3.57  HIGHEST GRADE SEXTANT.   Mid-century German navigator’s sextant of absolutely the finest quality.  This precision instrument was manufactured by the prestigious “C. PLATH” company of Hamburg, Germany, as engraved on the large arc, along with the company’s famous trademark of a stick man with sextant and serial number.  This state-of-the-art instrument is made of solid brass in its original blackened finish.  The large scale is engraved in single degrees from -5 to 124.  The index arm is equipped has an endless tangent screw with pinch stop and micrometer read out which provides an accurate reading to 1 arc minute.  It is complete with extra large index and horizon mirrors, all 4 index and 3 horizon filters.  The large focusing telescope mounts on a detachable “shoe.”  The reverse is bears 2 “feet” and a substantial Bakelite handle.  The handle is also embossed with the maker’s name and trademark.  This pristine instrument fits neatly into its beautifully-constructed solid oak box of dove-tailed construction and all brass fittings, complete with natural bristle brush and mirror adjusting wrench.  The lid of the box retains the maker’s mark on a silver medallion and the original “Sextant Certificate“ of calibration dated “29. Aug. 1955.”  The index arm measures 9 ¼ inches long and the large arc is 9 ¼ inches wide.  The box is 12 inches square by 7 inches thick.  Plath sextants are by far and away the choice of modern mariners as a most dependable back-up to their electronics.  The entire presentation is in an absolutely remarkable state of original preservation.  It would not be an overstatement to say this sextant appears to be in factory mint condition, little if ever used!  Our list price $895. for $650





13.15  U.S.  MARITIME COMMISSION SHIP’s CLOCK.  Authentic World War II vintage ship’s clock made for the U.S. Maritime Commission by the venerable Seth Thomas clock company.  The silvered brass dial is boldly marked “U.S. MARITIME COMMISSION” in the center, then “Made By Seth Thomas In U.S.A.” below the 6.  This finest quality ship’s clock is marked with large Arabic numerals swept by blackened spade hands and a large center sweep second hand.  A minute chapter ring on the periphery of the dial is marked from 5 to 60 in single second intervals.  This clock has a classic flared ship’s clock bezel which hinges open on the right secured with a thumb screw closing on the original cork gasket.  The black Bakelite case is marked on the back with the iconic “GE” (General Electric) logo.  The fully jeweled all brass movement is marked stamped the Seth Thomas logo within a diamond and is dated “8-44” (August 1944) indicating it was made during the peak of the Second World War. This clock is an good  time keeper and is in excellent cosmetic condition showing signs of actual use.  7 ¾ inches in diameter.    Our list price $549 $395

The United States Maritime Commission was an agency of the Federal Government created by the Merchant Marine Act passed on June 29, 1936.  It replaced the United States Shipping Board (U.S.S.B.) which dated from World War I.  The Merchant Marine Act formulated a Long Range merchant shipbuilding effort to design and build five hundred modern cargo ships.  These were intended to replace the World War I era vessels which comprised the bulk of the United States Merchant Marine at the time.  The Maritime Commission was also tasked with administering a subsidy program to build and operate ships under the American flag.  Further it created the United States Maritime Service for training Merchant Marine officers to man the fleet.

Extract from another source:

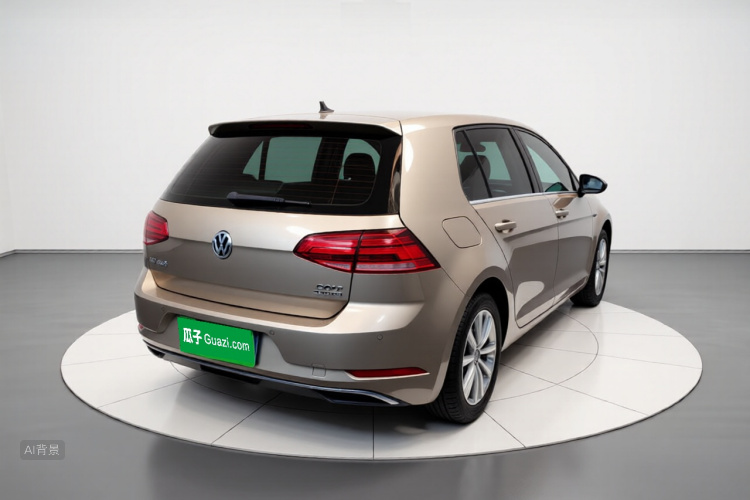 Volkswagen Golf 2018 car image #7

In the late 1930's, several dozen merchant ships were built for the Commission under the original 500 shipbuilding program. Then in the late fall of 1940 the Emergency Shipbuilding program came into being, in order to support a lifeline to Great Britain and nationalize American shipbuilding in the event of war.

The first existing vessel undertaken by the Merchant Marine Act was the mighty SS AMERICA, owned by the United States Lines, which had operated in passenger service since 1940. When war appeared imminent, AMERICA was requisitioned by the U.S. Navy on June 1, 1941 and renamed USS WEST POINT for use as a troop carrier.

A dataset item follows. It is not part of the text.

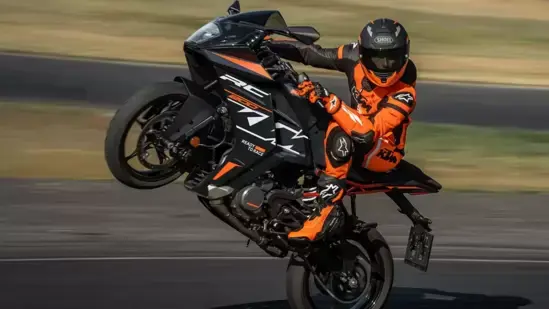 KTM RC200 is one of the most popular sportbikes because of its capability and power.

 From 1939 through the end of World War II the U.S. Maritime Commission funded and administered the largest, most successful merchant shipbuilding effort in history.  Thousands of ships, including Liberty ships, Victory ships, tankers and freighters were produced.  Many were converted to Navy auxiliaries, notably attack cargo ships, attack transports, escort aircraft carriers, and tankers which became fleet replenishment ships.  The Commission also was tasked with the construction of many hundreds of U.S. Navy ships including LST's, Tacoma-class frigates and troop transports.  By the end of the war, U.S. shipyards had built a total of 5,777 merchant and naval ships under Maritime Commission auspices.

Upon the cessation of hostilities in World War II,  the Emergency and Long Range shipbuilding programs were ended.  In 1946, the Merchant Ship Sales Act was passed to sell off the Post-War surplus of ships to commercial buyers.  Ships not sold under the Ship Sales Act were placed into one of eight National Defense Reserve Fleet (NDRF) sites maintained on the Atlantic, Pacific and Gulf coasts.

The U.S. Maritime Commission was officially disbanded on May 24, 1950.

18.69  CONVOY STERN LIGHT.   Authentic World War II era merchant ship’s stern lamp as used when steaming in convoy under darken ship conditions.  This heavy duty ocean-going lantern is made of solid copper with brass fittings.  The lovely deep blue glass lens is curved, describing an arc of 10 points of the compass (112 ½ degrees).   It is mounted in its copper housing having a dome top and with brass handle and copper mounting brackets on each side.  The back of the lamp is equipped with a sliding copper panel which lifts up by means of a brass ring to reveal the interior.  All of fittings are attached with sturdy rivets.  The interior is fitted with a porcelain fixture which accommodates a standard 110-220 V incandescent bulb.  It is presently wired with a functional low wattage bulb and a 110 cord with in-line On/Off switch.  Although unmarked, the construction of this stern light appears to be English in origin and is entirely hand-made.  11 ½ inches tall by 9 inches wide and 6 ¼ inches deep.  Perfect original condition exhibiting a nice rich patina.  A nice, not too overwhelming size, displayable in most any setting.  Our list price $429 for $309

The development of convoy steaming evolved during World War I “herding” vessels safely across the Atlantic to minimize the threat of the German wolf pack attacks on lone ships.  The technique was perfected in World War II in the days before radar.  The idea of the blue convoy light was that it could only be seen short distances – enough for the ships in convoy to keep station, but not far enough away to be detected by a submerged submarine.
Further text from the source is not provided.